Late last year, an interesting book came into the repair area. It needed a basic paper repair—the first few leaves of the text block had fallen out. At first, I thought that those pages were printed on a different paper, since they had yellowed (and cracked) much more severely than the others. However, I then noticed that the pages appeared to be woven—a shocking discovery, but I had other things to tend to, so I tried not to dwell on it.

During my next shift, after the Japanese-tissue hinges had dried, I realized that the woven texture wasn’t a quality of the paper itself:

At the edge of the paper, it's clear that the "woven" portion is a separate layer from the rest of the paper.

At the edge of the paper, it’s clear that the “woven” portion is a separate layer from the rest of the paper.

“How interesting,” I thought. But what really stumped me was what I noticed next.

The woven texture overlays the identification/security punch, which suggests that it's something that was added after the fact.

The woven texture overlays the identification/security punch, which suggests that it’s something that was added after the fact.

The woven portion isn’t punched, although the paper itself is. Therefore, this layer, which caused serious damage to the paper over time (again, the rest of the pages were in great shape), must have been added not only after publication, but after it was acquired by the library (and, I suspect, added by the library). It was clearly intended to serve some purpose, although I have no idea what that would be. Fascinating!

Comments

  • What you are seeing is a page that was repaired by a process called “silking.” It is described in Etherington, “Bookbinding and the Conservation of Books A Dictionary of Descriptive Terminology” at (http://cool.conservation-us.org/don/dt/dt3121.html). There’s also an interesting treatment report about the Jamestown Records of the Virginia Company of London, part of the Thomas Jefferson Papers at the Library of Congress at (http://memory.loc.gov/ammem/collections/jefferson_papers/mtjessay2.html). You can also read more about it in Barrow, chapter 8 at (http://cool.conservation-us.org/byauth/roggia/barrow/chap08.html). Just search within that page on “silking.” Along the way you’ll learn about another challenging conservation treatment we now sometimes need to retreat.

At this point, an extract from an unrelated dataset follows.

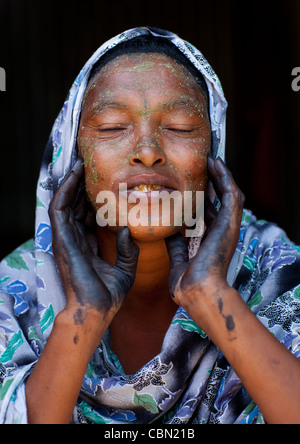 Beautiful Black Woman With Henna Painted Hands And Wearing Veil Putting Qasil On Her Face Hargeisa Somaliland Stock Photo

    Peter D. VerheyenFebruary 16, 2012
  • Blog post appears under picture, not root page… Silly, really.

    Peter D. VerheyenFebruary 16, 2012
    • Isn’t it, though? It took me far too long to realize why your comment wasn’t showing up where I thought it should be. Now that I know your intention, I’m cheating a bit by recreating your original comment here, where it should be more helpful to others. (Readers, rejoice!)

      Jackie SmithFebruary 16, 2012
  • Once again, I am reminded to be more mindful about how I treat books.

    Aside from the basic function of the book, to inform or maybe entertain, one never knows what the ultimate value of the book may be.